Mystikal singles chronology
| "Make 'Em Say Uhh!" (1998) | "It Ain't My Fault" (1998) | "Woof" (1998) |

= It Ain't My Fault (Silkk the Shocker song) =

"It Ain't My Fault" is the second single released from rapper Silkk the Shocker's second album, Charge It 2 da Game.
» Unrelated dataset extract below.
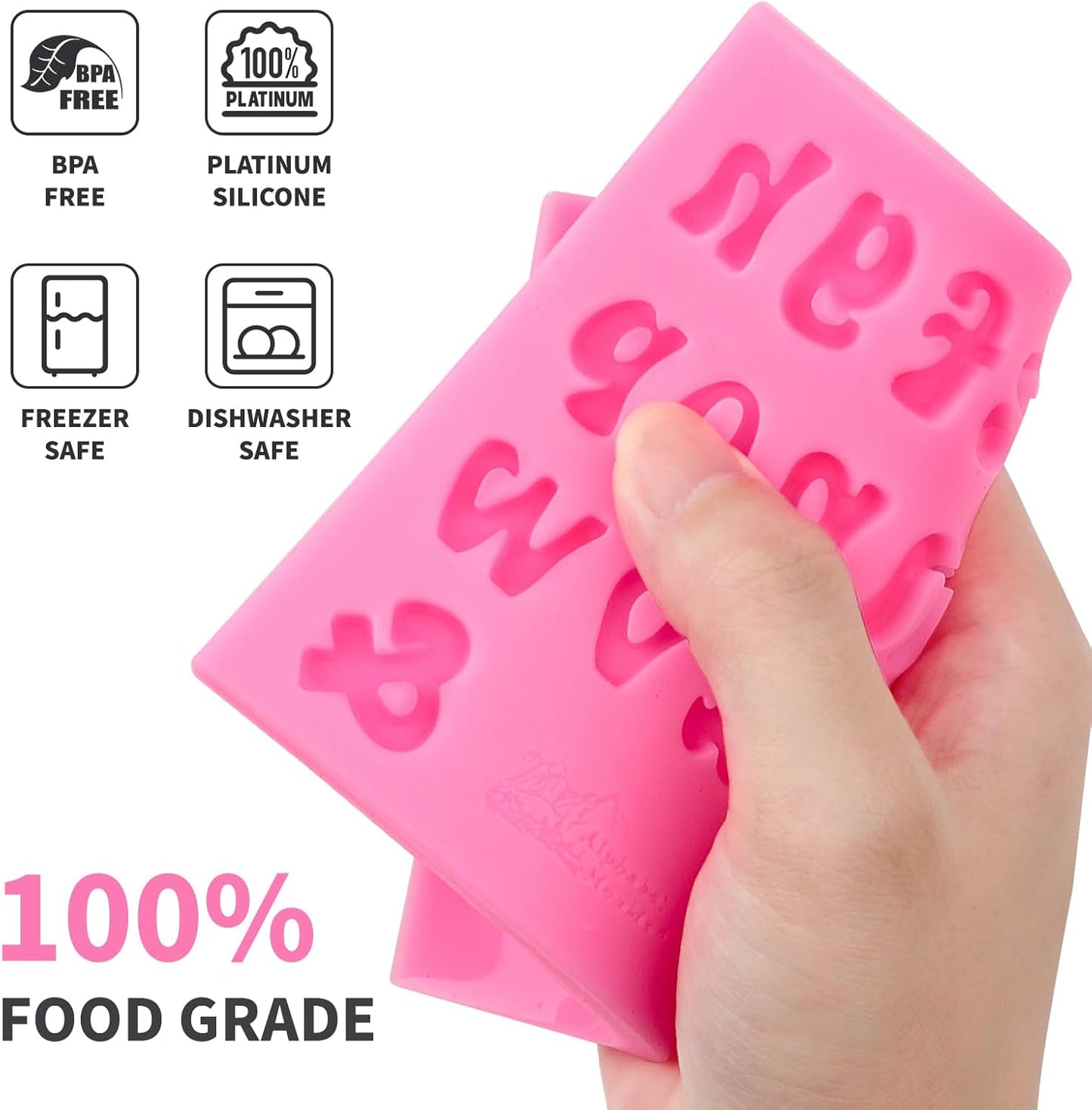 4 Pcs Silicone Letter Molds for Chocolate, 0-9 Number and 26 Alphabet Letter Molds Fondant Mold for Edible Cake Dessert Decorating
Produced by Craig B., the song features a verse and chorus from label-mate Mystikal and samples the New Orleans jazz standard "It Ain't My Fault" written by Smokey Johnson and Wardell Quezergue. "It Ain't My Fault" was one of Silkk the Shocker's successful singles, making it to 18 on the Billboard Hot 100.

==Production and release==
The chorus of "It Ain't My Fault" samples the jazz song "It Ain't My Fault", which was written by Smokey Johnson and Wardell Quezergue in 1964. Introduced by Harold Dejan's Olympia Brass Band into the contemporary New Orleans brass band repertory, Johnson's and Quezergue's "It Ain't My Fault" has become a standard, recorded by the Treme Brass Band, the Preservation Hall Jazz Band and many others.

==Critical reception==
Soren Baker of the Los Angeles Times said about the "Part 2" version: "...Mystikal easily outperforms Silkk, who tries in vain to keep pace with his hyperactive label-mate."

==Other versions==
"It Ain't My Fault, Pt. 2," a remixed version of the track with the intonation, "Did I do that?" recalling Steve Urkel's famous catchphrase, later appeared on Silkk's third album, Made Man and was released as a single in 1999.

The chorus was re-interpreted in a charity song with the same name by Mos Def, Lenny Kravitz, Trombone Shorty, Tim Robbins, and the Preservation Hall Band to benefit Gulf Aid, a nonprofit created in response to the BP oil spill off the Louisiana Coast.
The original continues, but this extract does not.